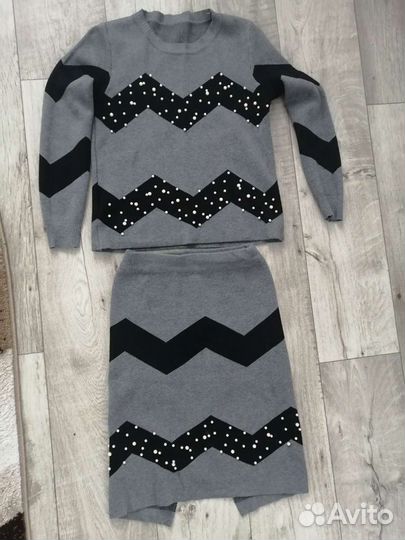 Костюм с юбкой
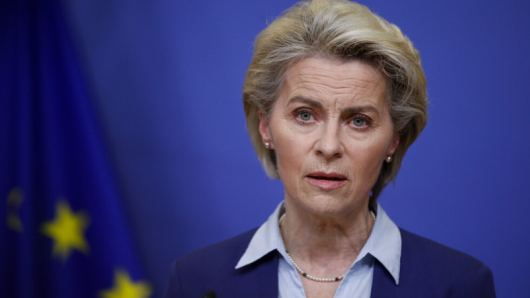 Председателят на ЕврокомисиятаУрсула фон дер Лайен смята че западните санкции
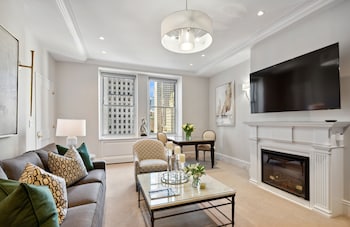 Suite, City View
+++++
» EXERCISE
When you write out the material, keep every line exact and leave out each picture.

» OUTPUT
 Костюм с юбкой
 Председателят на ЕврокомисиятаУрсула фон дер Лайен смята че западните санкции
 Suite, City View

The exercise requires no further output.